How not to crater Washington’s collective memory
by Knute Berger
Ralph Hopkin’s Woods Electric today, as it is in storage at the Washington State Historical Society in Tacoma. Credit: Credit: PEMCO Webster & Stevens Collection, Museum of History & Industry, Seattle
The Washington State Archives, according to a recent Herald of Everett article, will soon run out of space. This seems like a problem that should have been foreseen — and in fact it was.
For the better part of a decade, plans were underway to build a new state Heritage Center on the Capitol campus in Olympia to expand archive space and create a new home for the state library. Secretary of State Sam Reed even pushed the project, finding a dedicated funding source to help pay for it. Money was collecting in a dedicated account for that purpose.
Then the Great Recession hit, the state hit lean budget years, and the fund was raided to pay for other things.
Now the Heritage Center — which was not uncontroversial — is kaput. The problem of what to do with the growing number of state records, though, remains. Current Secretary of State Kim Wyman has asked for funds to lease warehouse space to help, but a permanent solution will have to be found.
What does our state history contribute to modern day Seattle? This winter, Seattle became obsessed with the discovery of an 8-foot mammoth tusk in a South Lake Union construction site. The Burke Museum, the state-funded natural history museum at the University of Washington, stepped in to dig up the rare find and engage the public in learning more about the tusk itself and the world it came from millennia ago. They plan to display it at the Burke's annual “Dino Day” on March 8.
That's just one highly publicized example of the value of the state's investment in scholarship and education. There are countless others.
Personally, I use many of these resources regularly. When I wrote Crosscut's Roots of Tomorrow series on examples of early Seattle urbanism, I tracked down the state's very first automobile — a Woods Electric from 1900 — at the Washington State History Museum in Tacoma. A staffer there took pictures of it so that Crosscut could share it with readers. Most autos end up in the junkyard, but we still have out first set of wheels!
Earlier this year, I worked with a state librarian in an attempt to find an original copy of the 1866 Memorial, an official request passed by the territorial legislature that asked President Andrew Johnson to secure fishing rights for U.S. fishermen in Russia's Alaskan waters. The 1866 Memorial was the impetus for the Alaska Purchase, supplying Congress with an economic justification for spending the money. The purchase was an event that reshaped America and secured the prosperity of Washington and Seattle.

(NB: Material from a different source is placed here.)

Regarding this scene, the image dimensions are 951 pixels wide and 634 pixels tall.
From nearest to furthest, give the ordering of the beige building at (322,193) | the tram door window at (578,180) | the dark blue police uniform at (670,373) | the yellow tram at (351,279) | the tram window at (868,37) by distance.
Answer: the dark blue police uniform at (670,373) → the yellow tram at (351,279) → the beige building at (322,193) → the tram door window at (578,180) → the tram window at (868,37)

Though she couldn't immediately find the original document, the librarian in Olympia went to work. Eventually, with the help of a seasoned UW librarian, she wound up in the University of Washington's Special Collections library with a long-forgotten file that contained a hand-written copy of the memorial. A founding document of our history was located and I, as a result, was able to share that document with Crosscut readers.
I have also been working with the Secretary of State's office and consulting with archives staff on updating the Washington Centennial Time Capsule in 2014 — a volunteer project that started back in 1989 and will continue until the state's 500th anniversary in 2389. The capsule is stewarded by a group of volunteer "Keepers," recruited at age 10 to update the capsule every 25 years and recruit a new generation of kids. It's designed to be a demonstration — an experiment — in long term stewardship (you can read about it here).

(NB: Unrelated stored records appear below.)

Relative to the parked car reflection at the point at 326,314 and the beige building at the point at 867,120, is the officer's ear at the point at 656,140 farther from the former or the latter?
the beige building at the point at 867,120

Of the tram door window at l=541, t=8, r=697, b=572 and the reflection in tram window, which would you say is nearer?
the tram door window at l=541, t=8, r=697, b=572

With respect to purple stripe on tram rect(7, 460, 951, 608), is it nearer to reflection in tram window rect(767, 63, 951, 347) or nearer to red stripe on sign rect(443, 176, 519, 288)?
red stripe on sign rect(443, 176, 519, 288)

The capsule is on public display in the rotunda of the Capitol building and will be a centerpiece of the state’s 125th Anniversary festivities in November. I hope the symbolism of its permanency is not lost on the lawmakers who pass it every day.
But capsules are not meant to replace a society's commitment to leaving accessible records, nor the people who help inform us and enhance our daily understanding of who we are and what we've done. Librarians, archivists, scholars and curators keep alive our public memory banks. They need to be nourished — and funded — for the long term.